Tuesday 14 December 2021

Christmas at the Vicarage by Rebecca Boxall - #TuesdayTeaser

Hello and welcome to this week's Tuesday Teaser. The place where we take a sneaky peek at a book that has caught my eye.

This week we are looking at Christmas at the Vicarage by Rebecca Boxall.

Rebecca was born in East Sussex and grew up in a bustling vicarage always filled with family, friends and parishioners. She now lives by the sea in Jersey with her husband, three children and Rodney the cat. She read English at the University of Warwick before training as a lawyer and also studied Creative Writing with The Writer's Bureau. She was nominated for the Romantic Novel Awards in 2020.

Rebecca is a new to me author who writes novels which are perfect for the festive season.


The Blurb

It’s been fifteen years since Rosamunde last lived at the vicarage in Potter’s Cove, the pretty coastal village where she grew up, experienced her first true love―and a heartbreak that changed her life forever. But now Potter’s Cove is calling her back: it’s time to make peace with the past and go home.

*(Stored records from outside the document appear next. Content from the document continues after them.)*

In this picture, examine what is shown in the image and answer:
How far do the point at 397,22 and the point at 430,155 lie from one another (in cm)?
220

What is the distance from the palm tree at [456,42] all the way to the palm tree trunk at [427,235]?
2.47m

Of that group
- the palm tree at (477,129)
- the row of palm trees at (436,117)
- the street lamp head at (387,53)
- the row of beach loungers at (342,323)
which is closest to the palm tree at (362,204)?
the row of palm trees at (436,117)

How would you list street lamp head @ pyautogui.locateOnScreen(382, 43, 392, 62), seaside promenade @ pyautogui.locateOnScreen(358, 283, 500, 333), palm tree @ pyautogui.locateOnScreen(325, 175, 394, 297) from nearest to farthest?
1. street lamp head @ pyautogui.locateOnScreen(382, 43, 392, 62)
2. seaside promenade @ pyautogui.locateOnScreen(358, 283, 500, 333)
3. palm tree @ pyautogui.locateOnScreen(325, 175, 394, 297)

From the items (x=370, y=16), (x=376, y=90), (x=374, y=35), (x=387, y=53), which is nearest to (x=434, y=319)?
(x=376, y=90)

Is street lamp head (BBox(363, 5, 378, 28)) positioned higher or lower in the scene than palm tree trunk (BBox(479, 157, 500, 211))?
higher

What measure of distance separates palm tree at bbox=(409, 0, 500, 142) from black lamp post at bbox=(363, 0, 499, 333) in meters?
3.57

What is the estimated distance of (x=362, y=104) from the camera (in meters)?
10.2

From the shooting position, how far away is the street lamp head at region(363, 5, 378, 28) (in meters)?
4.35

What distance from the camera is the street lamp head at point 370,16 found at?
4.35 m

Rosamunde’s return to the vicarage in the days before Christmas is a whirlwind of festive cheer and heartwarming reunions with friends, family and her loving father, the vicar. And while seeing the old place after all this time stirs painful memories of long-ago grief, it also reminds her of all the love she left behind. Fifteen years ago she vowed never to let herself be vulnerable again―but now that she’s back she’s not so sure. Is it possible that real happiness could strike more than once?

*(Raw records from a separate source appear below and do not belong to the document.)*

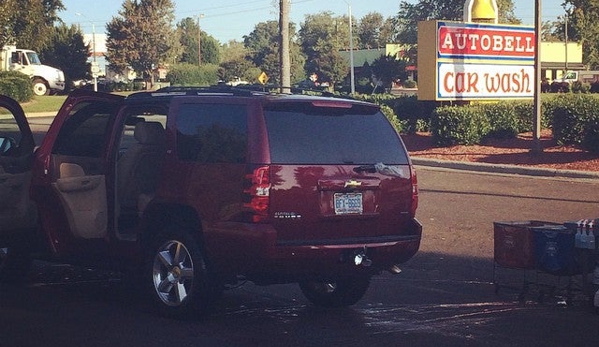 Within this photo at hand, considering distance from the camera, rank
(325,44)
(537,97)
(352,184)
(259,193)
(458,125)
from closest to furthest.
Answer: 1. (259,193)
2. (352,184)
3. (537,97)
4. (458,125)
5. (325,44)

Spanning three decades of family life, Christmas at the Vicarage is a warm, feel-good tale that examines what it means to love and to lose―and to be brave enough to try again.


The Beginning

Prologue

October 2014

Rosamunde stood calmly at the shoreline. She watched the seals bob up and down in the distance and, for this moment, everything seemed right with the world. So still. So peaceful. Until suddenly it wasn't.

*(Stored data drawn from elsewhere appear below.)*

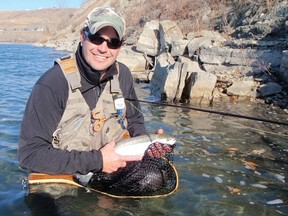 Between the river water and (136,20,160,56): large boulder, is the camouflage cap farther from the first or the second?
(136,20,160,56): large boulder

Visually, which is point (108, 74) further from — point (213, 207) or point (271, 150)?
point (271, 150)

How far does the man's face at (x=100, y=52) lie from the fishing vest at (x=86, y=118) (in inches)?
9.0

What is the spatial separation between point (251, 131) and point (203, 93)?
12.9 feet

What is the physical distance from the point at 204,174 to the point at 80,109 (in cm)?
292

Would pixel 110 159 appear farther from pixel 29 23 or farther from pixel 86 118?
pixel 29 23

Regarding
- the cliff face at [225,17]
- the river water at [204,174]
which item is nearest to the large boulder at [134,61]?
the cliff face at [225,17]

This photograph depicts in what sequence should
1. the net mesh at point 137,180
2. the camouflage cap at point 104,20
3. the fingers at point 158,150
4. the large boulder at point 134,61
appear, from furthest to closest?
1. the large boulder at point 134,61
2. the net mesh at point 137,180
3. the fingers at point 158,150
4. the camouflage cap at point 104,20

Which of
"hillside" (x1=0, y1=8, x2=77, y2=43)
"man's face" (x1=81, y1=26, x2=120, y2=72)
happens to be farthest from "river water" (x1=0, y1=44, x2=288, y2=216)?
"hillside" (x1=0, y1=8, x2=77, y2=43)

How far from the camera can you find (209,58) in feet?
54.7

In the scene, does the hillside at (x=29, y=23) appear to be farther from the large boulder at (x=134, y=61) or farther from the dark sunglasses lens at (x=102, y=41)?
the dark sunglasses lens at (x=102, y=41)

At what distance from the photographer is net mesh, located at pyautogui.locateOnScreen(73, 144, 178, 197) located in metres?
4.90

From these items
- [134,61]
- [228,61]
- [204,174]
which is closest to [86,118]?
[204,174]

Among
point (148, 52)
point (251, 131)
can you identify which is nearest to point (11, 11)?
point (148, 52)

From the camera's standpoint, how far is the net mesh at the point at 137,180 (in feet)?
16.1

In an instant she realised the figures weren't seals at all - they were people. She knew them at once: there was her father and, next to him, her mother, Marguerite. Circling them like seagulls were Rachel, Kizzie, Stephen, Mrs Garfield and Benedict.

It was a bright summer's day; there hadn't been a single blemish in the sky and yet somehow an enormous black cloud had emerged from nowhere and the swimmers had almost simultaneously begun to panic. Rosamunde started to strip off her clothes; she simply had to help them, but her limbs felt heavy and as she lumbered into the sea she felt weighed down by an almighty force of gravity. As she swam into the deep waters she knew there was one person she must save first - someone who would drown if she didn't get there soon.

Suddenly, Rosamunde was awake, sweating, her heart pounding with adrenaline. It was the same dream she's had all week and she was never closer to knowing the answer to the critical question: who was the person she needed to save?

What an exciting prologue. Now, the question for me is, have I got time to read this before Christmas? I would really like to.